I'm trying to come up with something to make me feel better and get out of my couch lamentations. "Art, go to art," I hear my head suggest. "It won't work!" it screams back. I had !Women Art Revolution sitting on my dresser upstairs unviewed. Oh ok, FINE. I get a little tired of what is now viewed as a dirty word, feminism. I think those women had to push the way they did to even get heard. I went to a female art celebration thing a couple weeks ago and sat uncomfortably as this same male-diminishing theme was passionately presented. As I may have mentioned, I like men. I don't feel that by mocking them in the same way some have done to us to make themselves feel more powerful is the answer. No one is equal in either equation.
Judy Chicago's Dinner Party was 1979. I went to college the next year and actually learned about this installation in art history class. What I didn't know is that Congress put a bill on the floor to prevent it from being shown in DC. It failed thankfully, but there was about and hour ½ discussion about the piece. It was that big a deal. I've visited the Women's Art Museum in DC. I wondered why we needed a separate building? The Guerrilla Girls can provide the stats why. There is still terrible inequality in the arts. White men. Still in charge.
Point of all this I was suddenly ok. Not lonely. I went from feeling that my life was pointless and stupid because I haven't mated . . . I have to add lately because I was married a while back for a few years . . . to a sense of purpose again.
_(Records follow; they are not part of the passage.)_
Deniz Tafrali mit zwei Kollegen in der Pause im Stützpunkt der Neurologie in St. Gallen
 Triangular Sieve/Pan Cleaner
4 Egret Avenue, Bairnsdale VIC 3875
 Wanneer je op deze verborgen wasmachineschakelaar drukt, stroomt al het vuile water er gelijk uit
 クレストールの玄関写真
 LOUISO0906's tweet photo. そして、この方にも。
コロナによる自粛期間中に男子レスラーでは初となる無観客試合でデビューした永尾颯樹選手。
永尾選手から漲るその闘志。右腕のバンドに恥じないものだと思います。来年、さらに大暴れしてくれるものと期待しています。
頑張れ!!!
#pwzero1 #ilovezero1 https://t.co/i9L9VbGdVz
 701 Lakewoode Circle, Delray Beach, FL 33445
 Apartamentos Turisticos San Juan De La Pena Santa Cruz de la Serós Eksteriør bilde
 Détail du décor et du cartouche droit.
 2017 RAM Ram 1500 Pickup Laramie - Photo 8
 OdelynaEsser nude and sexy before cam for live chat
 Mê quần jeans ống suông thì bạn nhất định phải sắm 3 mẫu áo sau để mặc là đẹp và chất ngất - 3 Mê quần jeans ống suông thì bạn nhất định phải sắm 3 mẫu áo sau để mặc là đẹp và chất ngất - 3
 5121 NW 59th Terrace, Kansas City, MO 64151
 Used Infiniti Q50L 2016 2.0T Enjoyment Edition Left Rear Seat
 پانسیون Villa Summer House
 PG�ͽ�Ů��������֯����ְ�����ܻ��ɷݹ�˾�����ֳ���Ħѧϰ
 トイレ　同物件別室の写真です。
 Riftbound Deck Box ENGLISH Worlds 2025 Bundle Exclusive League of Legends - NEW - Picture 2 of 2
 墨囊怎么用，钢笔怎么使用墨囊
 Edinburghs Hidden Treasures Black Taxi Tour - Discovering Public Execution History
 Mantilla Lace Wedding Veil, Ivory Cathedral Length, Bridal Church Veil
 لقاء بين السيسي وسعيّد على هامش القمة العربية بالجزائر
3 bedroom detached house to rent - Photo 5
Art. It's always about art. Most of the residents in the Pioneer Building* are women. Quite a few got married and raised a family before they pursued their practice. There wasn't much of a choice for their generation. Here I am again, the product of doors women opened in the '70's. I mentioned this in relation to general living and business in the last post, but it translates to art as well. And once again, as I barreled forward in my career after my divorce, it never occurred to me I couldn't. I feel privileged to paint. I have the luxury to reject traditional female roles and paint. I feel I owe it to those women to paint. Not as a woman painter. As a painter.